Published on 2021-07-26, by Javed Shaikh
A cookie or HTTP cookie is a small set of strings specially in name value pairs that are stored in the user’s web browser. This string is set by a server and is mostly used to identify the clients.
The HTTP protocol is stateless which means that the server does not remember about any response it sent to the user’s browser. It executes each request independently without knowing past requests that were already been executed. This is not at all good if a user is accessing a secure page like making a financial transaction. Due to stateless scheme, server cannot identify if the request is coming from a valid customer or not. To solve such issues, cookie concept was introduced which is fairly easy to understand and implement.
Lets see how cookie can solve the above problem. When a user signs in to a server, the server creates a unique ID and set it as a name value pair string with an expiry date or timestamp and sends it to the user’s browser. When the same user makes a transaction or access another secure page on the same server, it sends the http cookie along with the request. Upon receiving another request from the user, the server extracts and validates the cookie ID, expiry date in the cookie string and allows or declines the request.
As mentioned earlier, a cookie is a name value pair string set by the server. Along with the name value pair, a cookie has optional attributes like expiry date,domain, path and few others. Lets check one by one.
All cookies can be seen in the browser using document.cookie property.It will return all the cookies set by the server separated by semicolon.
Let’s go to developer tools of a browser and select console tab and enter document.cookie, it will return all the cookies set by the server.
In the below screenshot we are checking cookies from the web page of https://developer.mozilla.org/ . Please note how cookie is set.
This will set or update cookie for user_id.
Each cookie has an expiry date after which the cookie will no longer be active. If a cookie does not have expiry date, that cookie will be invalidated or trashed once browser is closed. This type of cookie is called session cookie.

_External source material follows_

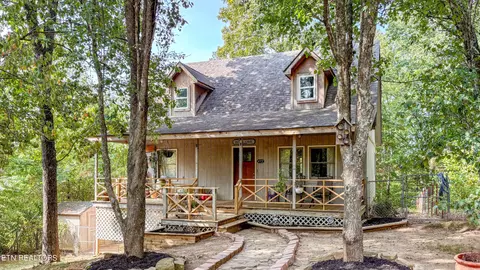 472 Skyline View Ln, Harriman, TN 37748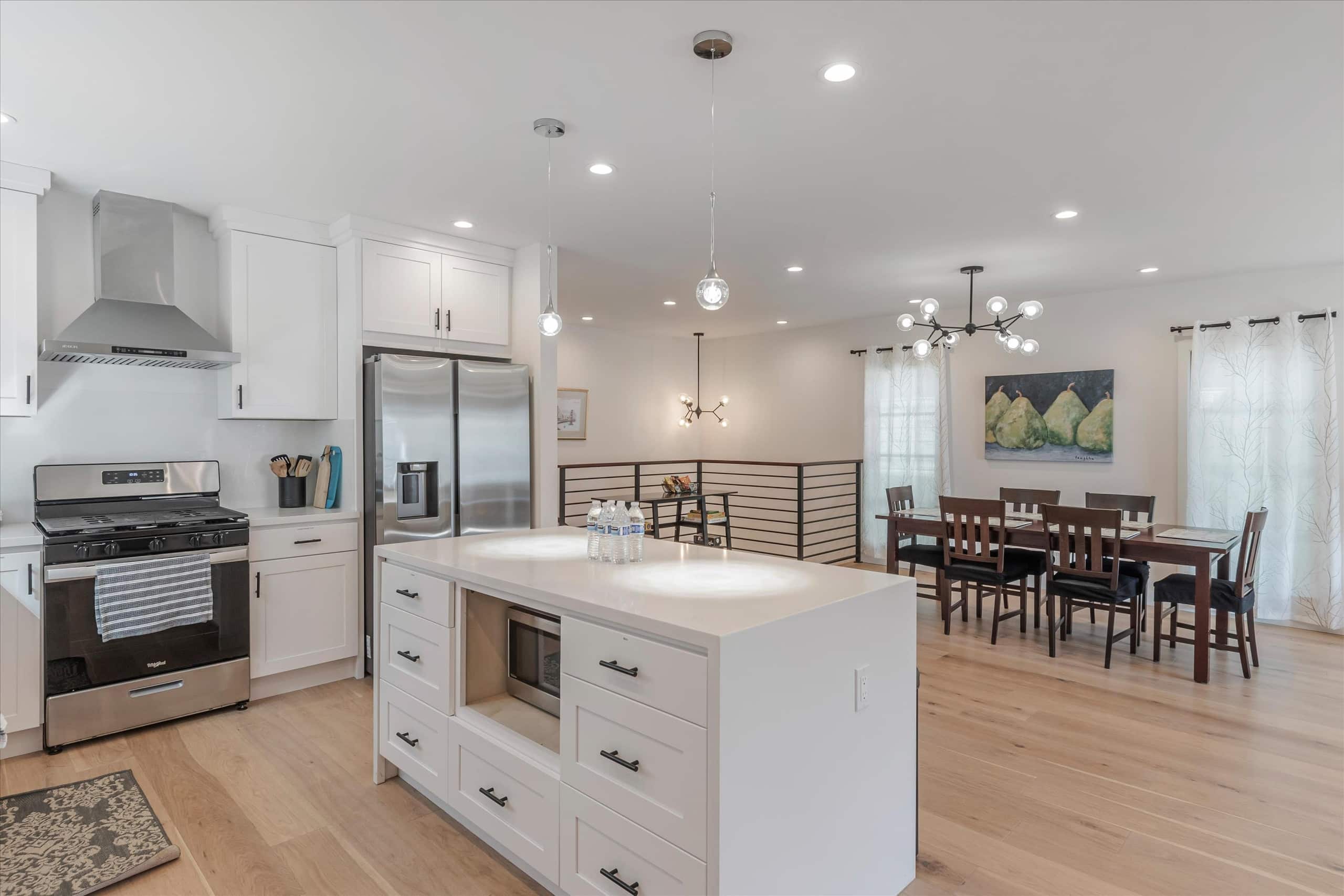 Home in San Francisco · ★4.96 · 3 bedrooms · 4 beds · 2 baths - Image 7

To set an expiry date, expires=<date> attribute can be used which takes HTTP date. Date must be in the GMT format. We can use toUTCString() to convert date to GMT format.
expires=Mon, 26 Jul 2021 19:19:07 GMT
The expiry date should exactly follow above format.
Below example will set cookie expiry date to 1 hour from now.
const expiry_date = new Date(Date.now()+60*60*1000).toUTCString(); document.cookie = "user_id=abc0123456789;" + “expires= + expiry_date;
This is another optional attribute similar to <expires>, but it takes time in number of seconds as value after which the cookie will expire.
We can set same above cookie with Max-Age attribute instead of expire attribute . The below cookie will be trashed after 60*60 seconds.
document.cookie ="user_id=abc0123456789; max-age=3600"
The Domain attribute is used by the browser to identify the host or server where it should sent the cookie to. The default domain is the host of the current web page. Also if I set the domain as shaikhu.com, then other subdomain can also read the cookie.
However if I set the domain to blog.shaikhu.com, then only blog subdomain can have access to that cookie,it wont' be available to other subdomains. Also we cannot set the domain attribute to another domain or host other than your own server/host.
Below example sets shaikhu.com as domain, that means this http cookie will be available to all the subdomains as well.
document.cookie = "user_id=abc0123456789; domain=shaikhu.com;"
The path attribute is used to set the directory where the cookie should be valid and read.All other directories cannot read that cookie. By default, path is set to / to read cookie on all pages and directories of that domain.
Below example sets cookie only for /myaccount , so it cannot be read on another directory.
document.cookie = "user_id=abc0123456789; path=/myaccount;"
If this attribute is set, the cookie will only be sent over the https protocol. Below example shows how to set secure attribute for a cookie
document.cookie = "user_id=abc0123456789; Secure;"
This attribute is used to protect from cross site request forgery attacks.
If a cookie is set with samesite=strict, then the browser will send that cookie only for the requests to the server that created this cookie. It is never going to send the cookie if the request is made from different URL.
This is the default value for samesite attribute in case the samesite attribute is missing or absent. This is basically used to allow cookie to the origin server upon following a link from external website or emails.